--- Material provided Enclosed Below ---

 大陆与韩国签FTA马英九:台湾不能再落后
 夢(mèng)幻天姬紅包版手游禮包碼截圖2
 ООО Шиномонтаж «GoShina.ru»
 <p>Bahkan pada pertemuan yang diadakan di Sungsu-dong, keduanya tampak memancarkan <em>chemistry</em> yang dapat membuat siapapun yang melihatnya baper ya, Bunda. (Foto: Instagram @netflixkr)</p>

--- End of Enclosed Material provided ---
--- Material provided Enclosed Below ---

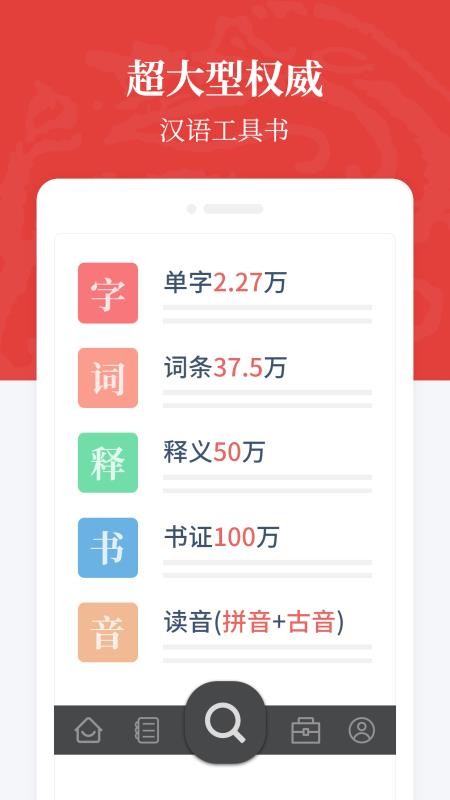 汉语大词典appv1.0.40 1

--- End of Enclosed Material provided ---

## What the task asks
Take the entries above and return only the lines from the one with "夢(mèng)幻天姬紅包版手游禮包碼截圖2" to the one with "<p>Bahkan pada pertemuan", both included, unchanged.

## Solved problem
 夢(mèng)幻天姬紅包版手游禮包碼截圖2
 ООО Шиномонтаж «GoShina.ru»
 <p>Bahkan pada pertemuan yang diadakan di Sungsu-dong, keduanya tampak memancarkan <em>chemistry</em> yang dapat membuat siapapun yang melihatnya baper ya, Bunda. (Foto: Instagram @netflixkr)</p>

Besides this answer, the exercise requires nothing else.